**TASK OBJECTIVE:** The lines below starting at the line containing "The first thing" and ending at the line containing "And if that" are to be repeated exactly, with both ends kept and nothing else added.

**AVAILABLE DATA:**

------------------------------------------------------------------------

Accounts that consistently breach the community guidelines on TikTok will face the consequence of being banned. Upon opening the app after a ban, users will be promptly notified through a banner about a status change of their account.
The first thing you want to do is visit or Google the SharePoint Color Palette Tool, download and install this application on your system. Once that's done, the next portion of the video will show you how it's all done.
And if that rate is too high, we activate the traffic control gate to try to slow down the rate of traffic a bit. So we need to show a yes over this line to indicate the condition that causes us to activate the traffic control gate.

------------------------------------------------------------------------

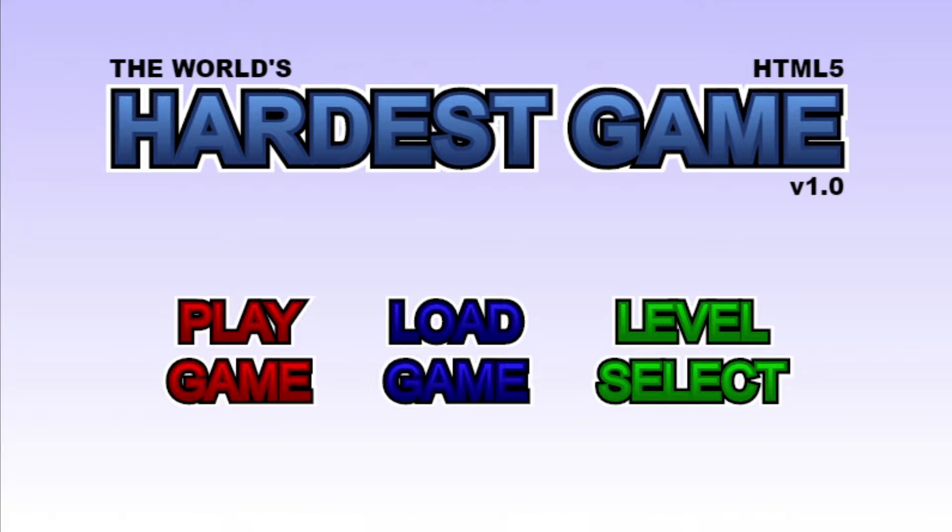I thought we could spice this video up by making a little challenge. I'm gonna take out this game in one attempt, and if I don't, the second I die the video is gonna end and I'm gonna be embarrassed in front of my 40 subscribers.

------------------------------------------------------------------------

**FINAL ANSWER:**
The first thing you want to do is visit or Google the SharePoint Color Palette Tool, download and install this application on your system. Once that's done, the next portion of the video will show you how it's all done.
And if that rate is too high, we activate the traffic control gate to try to slow down the rate of traffic a bit. So we need to show a yes over this line to indicate the condition that causes us to activate the traffic control gate.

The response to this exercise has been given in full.